AI is especially useful for pattern matching, according to the source. That makes it easier to identify variants of known bugs, as well as bugs that have not yet been discovered. The harder question is what happens when tools that find flaws also help produce working exploits.

Tim Becker, senior security researcher at Theori, said that AI tools can, with very little or even no human guidance in some cases, find a zero day in widely used software. He also described a dramatic change in his own work. Before using AI for automatic bug finding, he said it could take weeks or months to find a high-impact vulnerability in a new codebase. Now, he said, it can take hours.

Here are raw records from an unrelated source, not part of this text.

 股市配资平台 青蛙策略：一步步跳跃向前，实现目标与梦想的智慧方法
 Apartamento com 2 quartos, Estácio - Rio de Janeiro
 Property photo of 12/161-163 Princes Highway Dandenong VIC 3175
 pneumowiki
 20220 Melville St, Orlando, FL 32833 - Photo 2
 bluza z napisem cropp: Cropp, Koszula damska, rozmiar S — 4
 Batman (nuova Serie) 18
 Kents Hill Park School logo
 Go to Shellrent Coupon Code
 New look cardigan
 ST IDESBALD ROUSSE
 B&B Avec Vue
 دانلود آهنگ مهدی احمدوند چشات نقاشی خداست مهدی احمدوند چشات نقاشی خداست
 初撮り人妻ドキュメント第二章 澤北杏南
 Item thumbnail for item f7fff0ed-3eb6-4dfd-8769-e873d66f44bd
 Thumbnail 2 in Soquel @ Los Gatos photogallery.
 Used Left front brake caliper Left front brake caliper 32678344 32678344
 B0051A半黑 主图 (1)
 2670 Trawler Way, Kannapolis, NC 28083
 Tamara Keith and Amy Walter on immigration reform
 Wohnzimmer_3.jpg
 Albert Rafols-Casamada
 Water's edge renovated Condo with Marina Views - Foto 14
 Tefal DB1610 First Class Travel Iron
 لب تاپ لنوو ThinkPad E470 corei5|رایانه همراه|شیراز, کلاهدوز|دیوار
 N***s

His process, as described in the article, is to put code into an AI bug-finding tool and receive a report with candidate vulnerabilities within a couple of hours. He said most of those candidates end up checking out as real issues. He also noted, "The bar to diving into a new million-line codebase and finding a bug is so much lower than it used to be."

That falling bar has consequences. If effort becomes cheap, attackers may look beyond widely used software and begin targeting narrower systems. The article warns that bad actors could use AI to find bugs in uncommon software that previously would not have justified the work.

Open-weight models add another challenge

The source also points to open-weight models as a risk. These are models whose trained parameters, or weights, are publicly available. Becker said sophisticated threat actors would be more likely to run their own deployments so that exploits would not be exposed on Anthropic or OpenAI servers.

That matters because a company can try to monitor abuse on its own systems. The source notes that Anthropic may retain data to monitor abuse. But if an attacker runs a capable model independently, platform-level oversight becomes harder.

Anthropic is trying to limit misuse. A week after announcing Mythos, the company released Claude Opus 4.7 with safeguards meant to block malicious cybersecurity requests. Security professionals who want to use the model for defensive work can apply to Anthropic’s Cyber Verification Program.

Still, the source warns that other model creators may not be as cautious as Anthropic. If powerful tools are released directly to the public, the industry may face the same underlying capability without the same safeguards.

The defensive race is getting tighter

The same AI capability that worries security experts can also help defenders. Researchers are already using more available models to report vulnerabilities to vendors before those flaws are exploited in the wild. That is the constructive side of automated bug discovery.

But the source’s central tension is that offense and defense are improving together. If defenders can find more bugs, attackers may be able to do the same. If defenders can move faster through a large codebase, attackers may also move faster through unfamiliar targets.

Guido framed the stakes around 2026, saying, "2026 is the year when all security debt comes due… 2026 is the make-it-or-break-it year." The phrase points to accumulated weakness in software systems meeting a new generation of tools that can search for those weaknesses at speed.

The practical implication is simple: organizations cannot assume that obscure software, unusual configurations, or limited attacker expertise will protect them. As AI bug-finding tools improve, vulnerabilities that once required scarce skill and patience may become easier to locate, test, and exploit.